The rock and the nymph

The rock and the nymph


Among the most beautiful villages of Cilento there is undoubtedly Camerota, the town built on a rock that stands out majestically in the most absolute green.

Its postcard beauty is evident from the first glance: the houses of the village are built without foundations  directly on the rock, man’s hand literally merged with the landscape.

The old town stretches among streets, squares, churches, palaces, alleys with round arches and pointed arches that offer suggestive views at every corner.

Despite being a small village, it is full of monuments that are worth a visit: the splendid churches, the Castle and its remains  (the walls, the moat, the chapel, and the towers), the rock chapels. Even the recent buildings are no less. Worth visiting the House of Culture and the Kamaraton Amphitheatre, truly unique in its kind: it is entirely built with fossils of flint.

Its territory has been inhabited since the Palaeolithic. The name Camerota itself derives from the Greek Kamaratòs, curved, like the numerous caves inhabited since prehistoric times.

The finds found here are significant: some in stone date back to the Palaeolithic, and others from the Neolithic are made in ceramic, a sign of a settled and already well-developed society.

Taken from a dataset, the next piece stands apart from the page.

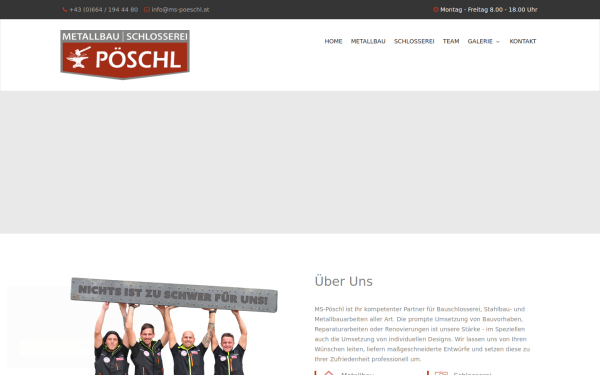 ms-poeschl.at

The village is still dotted with artisan workshops that work ceramics: the tradition has been perpetuated for more than 6000 years!

Throughout the course of history, its geographical position has made of it a very important junction: the presence of the Basilian Monks is highly attested, then between the ninth and eleventh centuries it became one of the best fortified manors of the Langobard Cilento. And then, one of the brightest periods arrives with the Normans. The Royal Norman Mastio of Camerota, whose remains are still visible, was a sign of the royal mandate to one of the most prominent figures in the royal Norman court: Florio di Camerota, royal judge, direct vassal of the king. Still in the Angevin — Aragonese period, Camerota is a front line in the Wars of the Vespers. Afterwards, in the Spanish Viceroy’s period, it starts the construction of the coastal watchtowers  to defend against the Turkish danger, but unuseful to withstand the brunt of Dragut's pirates, who attacked it in 1552. The feud then passed to the Di Sangro family.

And precisely to Placido di Sangro, Marquis of Camerota, the poet Berardino Rota dedicates, in his poem Rime, the myth of Kamaratòn, a nymph as beautiful as cruel, with whom Palinuro falls madly in love. The nymph refuses his love, and the desperate young man pursues the image of his beloved to the bottom of the sea, where he dies.

Then Venus, Goddess of love, offended by the nymph's outrage to such pure love, decides to punish her: if her heart had been hard as rock, she herself will be transformed into rock, the rock on which Camerota stands today. The nymph and the rock united by the myth are forever pure beauty.